Friday, February 4, 2011

Snow business like snow business (...what?)


(sorry guys, I forgot to post this yesterday so I am going to impinge on somebodies posting day, my extreme apologies)

Some young buck waded into the store yesterday, came up to me at the register and told me he was from the Boston University school paper. He told me he was writing a story about bookstores and the snow (which I thought was a little niche, but whatever. Relevant to me, obviously, she types while her soaks quietly soak) and could he ask me a few questions. He asked me, how was business going during the snow?

Not bad, I said. A little slow, but on the weekends definitely bustling, it seemed to me, oh lowly register maven/floor sweeper that I am.

Do you think people are coming in more or less? Why?

The answer I gave made me remember something. I grew up in Brookline, graduated first from Driscoll school (Driscoll class of 2002, where my homies at) and then Brookline High. I can't remember the last time we had this much snow, but I do remember errant storms from over the years, especially ones that led to me not having to go to school (my favourite thing ever). The best part was waking up, finding school was canceled, bundling up and trudging into coolidge corner to find the perfect, untouched expanse of the CVS parking lot stretching before you, hibernating under a thick surface of snow. You are going to jump into that snow. Maybe walk around, anything below the waste obstructed, possibly pretend you are the last person alive and this is the zombie apocalypse. Zombie snowpocalypse. Yeah, I went there. I will always go there.

One particular storm was specifically debiltating. I was proably about 16, so that would make it roughly 2004. My mom and I walked through coolidge corner, taking picures (on film, remember when we did that?! Its so crazy, the dark ages we used to live in in the early 2000's) and looking at the darkened, empty store fronts, signs indecipherable behind the clinging fluff. Most of coolidge corner was shut down or opening late; coolidge corner was a ghost town. Or a ghost corner, but that is not nearly as impressive sounding. That just sounds like you're haunting a right angle for eternity, boring.

Can you guess, dear readers, what establishment remained open, despite the disarming amount of snow covering the town? A storm that had single handedly disabled all of Brookline?

Booksmith. Booksmith always stays open. Ok maybe a few times we've closed early, sure, we're only human. But close entirely? Forcing the books to spend and entire afternoon in darkness, unopened, unfondled? Perish the thought! No seriously, perish it, much as my toesies perished as I walked through the goulash of Brookline on my way here today. My snow boots are waterproof but they were no match for the dirty slush barricading every single crosswalk along the way. Everyone knows I live within walking distance, however, so calling out because of transportation issues is blatanty a lie. I have no excuse. The show must go on.
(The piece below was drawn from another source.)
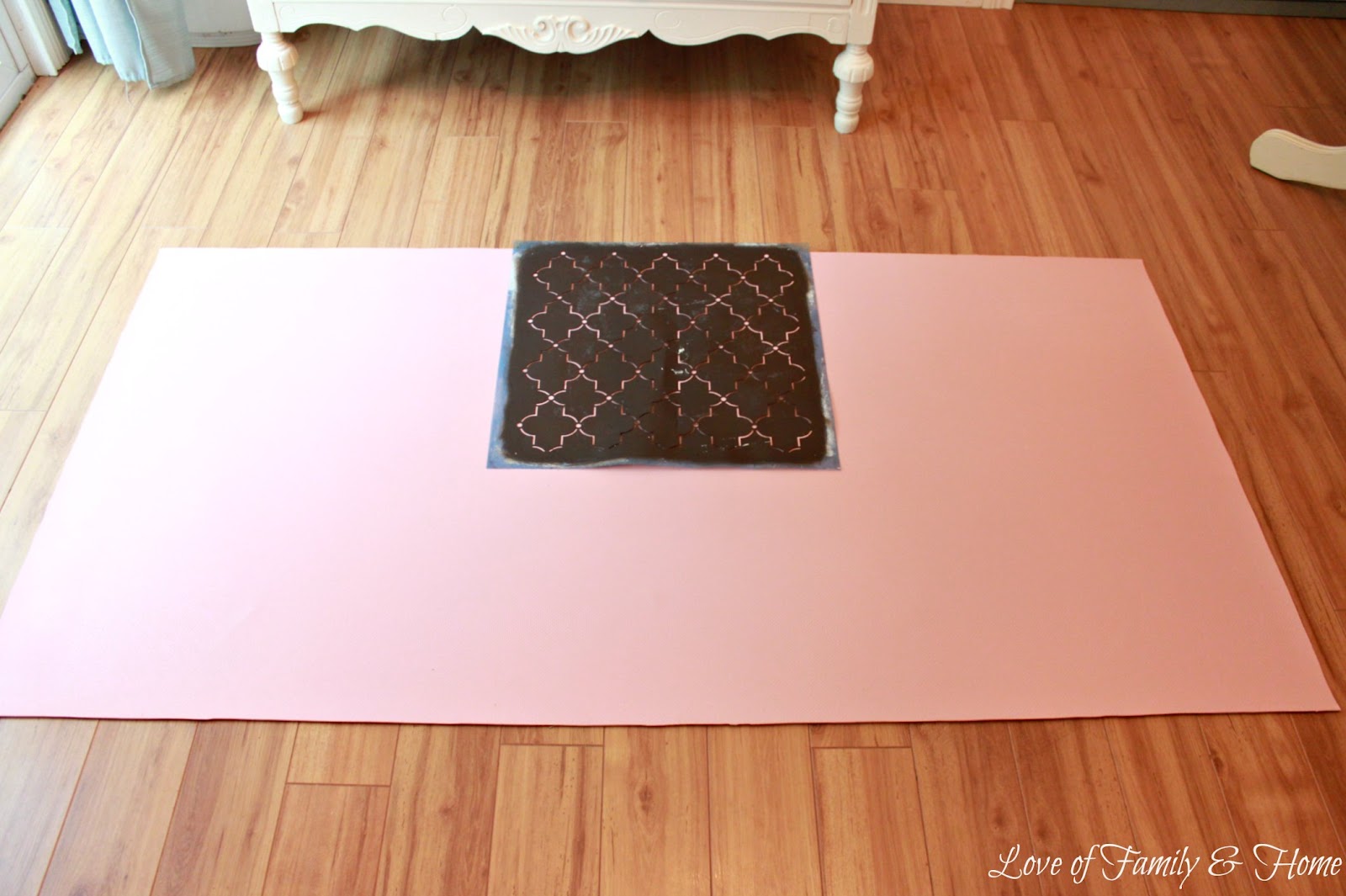 How To Paint A Rug Using Vinyl Flooring. - Love of Family & Home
So are people coming into the bookstore more? I'm not sure. I see people in here all the time, its seldom that we have a truly slow day. I don't know what influence snow has on peoples' impulse to read and buy books, but I think that when the sky and the world are the same opaque, dirty white, and its wet outside and you're wet, all the time, and the salt and sand are in your clothes and mouth, feels like its under your skin, coming into our bookstore is blissful. Here we have heated, well lit and colorful aisles and a staff of people that genuinely want you to be comfortable and happy. Its chaos out there, but in our store its always bright, warm, clean, and soothing. Not to mention endless methods of entertainment, in alphabetical order. Its hard to imagine what more a person could want. Except for that fully stocked self-serve sandwich, sundae and mai tai bar I keep asking Dana for. She is stern on the 'no' for that one, still, I'm sorry to say. I think I'm wearing her down though.